Well-known Carleton Place Auc­tioneer Henry Burnett Montgomery died in Carleton Place and District Memorial Hospital following a short battle with cancer. He was 86. HB, as he was affectionately known throughout the Ottawa Valley, had a career which spanned 40 years in the auction sale business.

 

A former farmer and butcher he handled as many as three or four auc­tions a week for years and over his past years teamed with another well respected local auctioneer, Howard McNeely.

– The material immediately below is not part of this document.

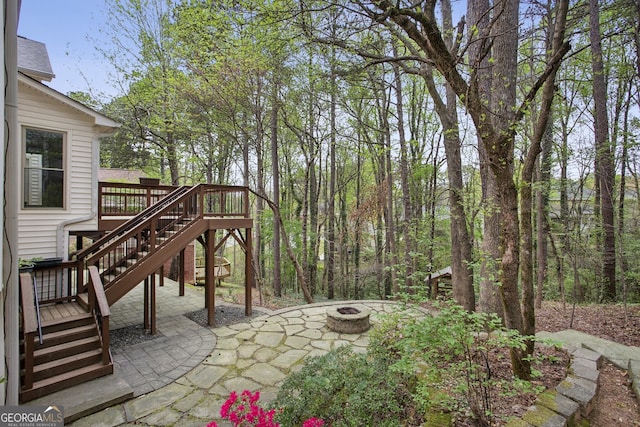 4284 Windy Gap Ct NW, Kennesaw, GA 30144 - view of patio / terrace featuring stairs, a fire pit, and a deck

“I always said the auction sale was part of Burnett and he was part of the auction,” McNeely said Monday in reminiscing about his many years of working with Montgomery. “He was a good fellow to work with, a perfect gentleman with a great respect for everyone,” McNeely fondly recalled. “He worked hard for the per­son he was doing the sale for, but he was also fair with the person buying the item,” he noted. “In all the years together we never had a (bad) word,” McNeely stated. “We worked a system and he often said to me ‘Howard there aren’t two men in a million who get along as we do,’ and I’d tell him that it was because neither of us was power hungry and we worked for the betterment of all con­cerned.”

 

Despite his age Montgomery couldn’t completely quit the auction business. “He’d tell me many times he was going to quit, but he never really did,” McNeely mentioned. In a feature story with appeared in The Canadian in June of 1982 Mon­tgomery said he began auctioneering to help “make ends meet”. At that time he was operating a general store in Ashton.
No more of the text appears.